Some people laughed at Mark E. Zuckerberg when he reportedly turned down a $900 million offer last year for Facebook, the social networking Web site he founded three and a half years ago.

Now, it may be Mr. Zuckerberg’s turn to laugh — all the way to the bank. Microsoft, Google and several funds are considering investments in the fast-growing site that could give the start-up a value of more than $10 billion, according to news reports.

While discussions are said to be in the early stages, Microsoft is reportedly considering an investment of $300 million to $500 million for a 5 percent stake of the company. And, according to The New York Times, Google is also interested in an investment.

Facebook’s valuation could go even higher as the two rivals create the kind of competitive bidding situation that has recently driven the acquisition prices of other start-ups into the stratosphere.

The Times said that Facebook is seeking a minimum valuation of $10 billion but interested bidders have apparently expressed a willingness to value it as high as $13 billion, on the assumption that, in the future, Facebook will become a powerful player in the online world.

But these numbers might have little basis in actual revenue or profit. Facebook is a private company and does not reveal its income. Earlier this year, a Pali Research analyst, Richard Greenfield, estimated that the company brought in $60 million to $96 million in annual revenue, with no real profit. Much of that revenue comes from a year-old advertising relationship with Microsoft, which places display advertisements on the site.
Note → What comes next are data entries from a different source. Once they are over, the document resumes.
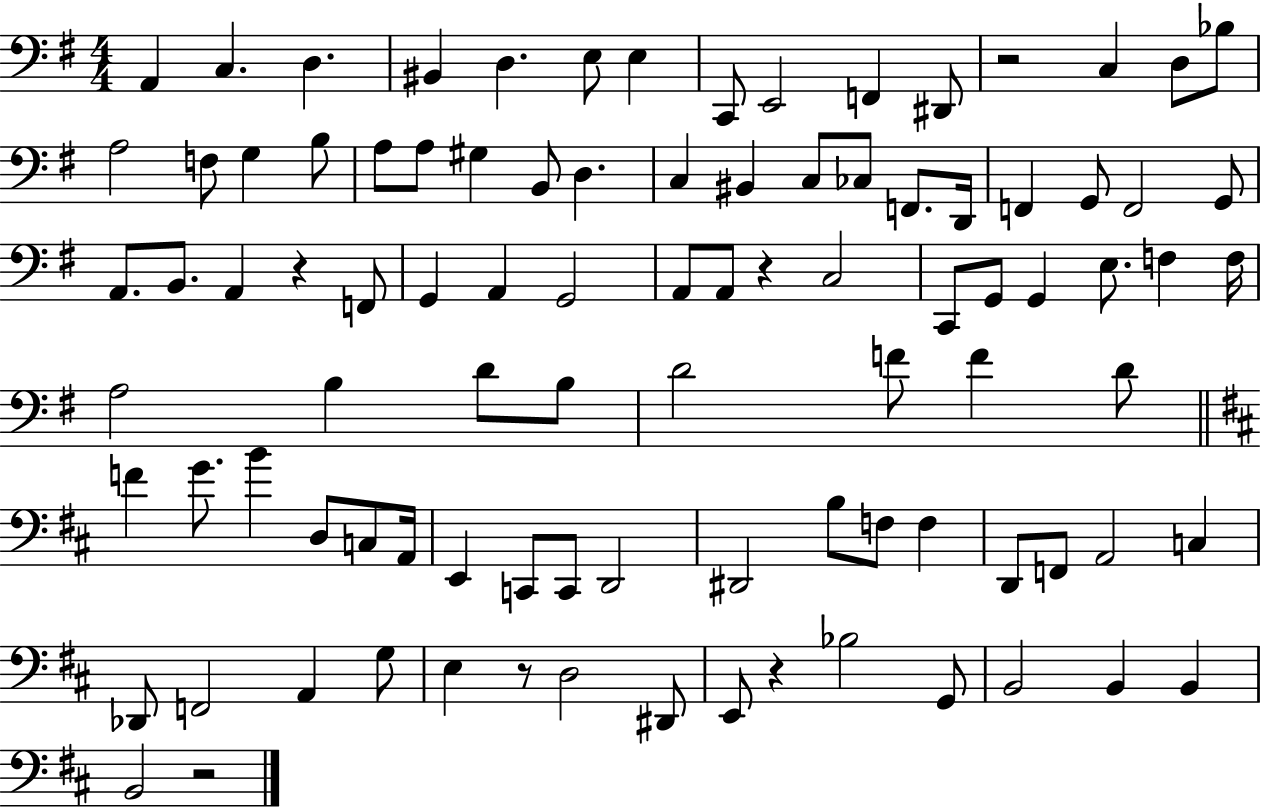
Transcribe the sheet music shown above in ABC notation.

X:1
T:Untitled
M:4/4
L:1/4
K:G
A,, C, D, ^B,, D, E,/2 E, C,,/2 E,,2 F,, ^D,,/2 z2 C, D,/2 _B,/2 A,2 F,/2 G, B,/2 A,/2 A,/2 ^G, B,,/2 D, C, ^B,, C,/2 _C,/2 F,,/2 D,,/4 F,, G,,/2 F,,2 G,,/2 A,,/2 B,,/2 A,, z F,,/2 G,, A,, G,,2 A,,/2 A,,/2 z C,2 C,,/2 G,,/2 G,, E,/2 F, F,/4 A,2 B, D/2 B,/2 D2 F/2 F D/2 F G/2 B D,/2 C,/2 A,,/4 E,, C,,/2 C,,/2 D,,2 ^D,,2 B,/2 F,/2 F, D,,/2 F,,/2 A,,2 C, _D,,/2 F,,2 A,, G,/2 E, z/2 D,2 ^D,,/2 E,,/2 z _B,2 G,,/2 B,,2 B,, B,, B,,2 z2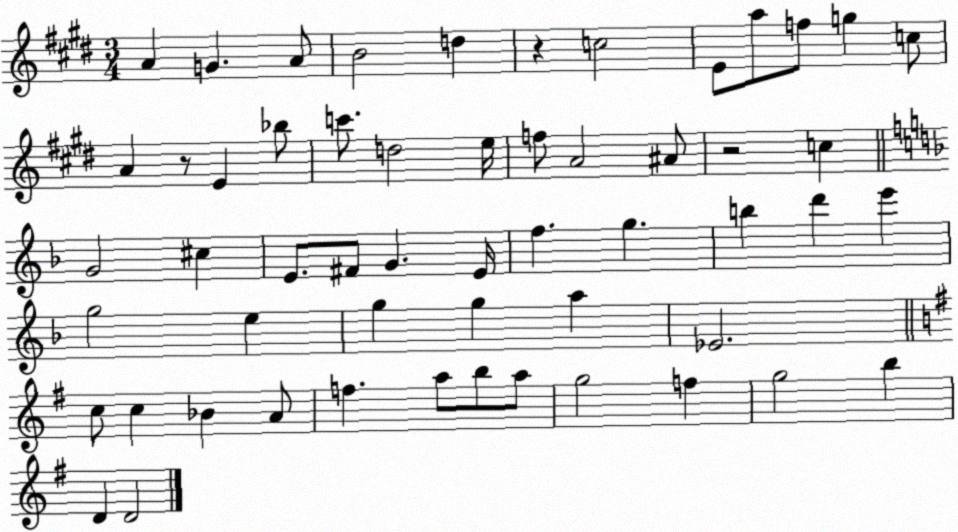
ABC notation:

X:1
T:Untitled
M:3/4
L:1/4
K:E
A G A/2 B2 d z c2 E/2 a/2 f/2 g c/2 A z/2 E _b/2 c'/2 d2 e/4 f/2 A2 ^A/2 z2 c G2 ^c E/2 ^F/2 G E/4 f g b d' e' g2 e g g a _E2 c/2 c _B A/2 f a/2 b/2 a/2 g2 f g2 b D D2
The Financial Times’s Lex column suggests that Microsoft is in a “serious quandary.” The software giant is under intense pressure to catch up with competitors in the online realm, and so it could end up paying an exorbitant price to preserve its ties with Facebook.

DealBook colleague Saul Hansell argues in The Times’ Bits blog that, for Microsoft, there seems to be little upside.

Facebook is only worth all that money if it becomes a significant platform for content and communications and that means it would rival Microsoft’s MSN/Windows Live platform, Yahoo and Google. If Mr. Zuckerberg succeeds, he will be free to ignore Microsoft, and sell Facebook to the public or to any Microsoft rival for that matter.

If he fails at building the company, Microsoft’s investment will look overpriced.

Breakingviews was also skeptical, saying that “even by the wacky metrics of Web 2.0, there’s no way the software giant can justify such profligacy.”

The amount, the publication noted, would amount to more than $200 per Facebook user — well above the $70 that Google put on YouTube’s individual eyeballs or $50 that Ebay paid for each of Skype’s earlobes.

But Mr. Greenfield told The Times the investment price that Microsoft was considering might have more to do with keeping the prize out of the hands of its powerful rivals. “There may be competitive reasons to be connected to this asset beyond what the specific valuation is today,” he told The Times. “You may be paying a premium to keep others out.”

The lack of a track record for Facebook might actually be driving the price up. “Trying to delineate a value today of what was a new industry five years ago is challenging right now,” Mr. Greenfield said.

The Times noted that there may also be be personal reasons that Facebook would align itself with Microsoft, according to The Times. Mr. Zuckerberg has a personal friendship with Ray Ozzie, Microsoft’s chief software architect and one of the people stepping in for Bill Gates, the co-founder who is giving up his day-to-day responsibilities at the company.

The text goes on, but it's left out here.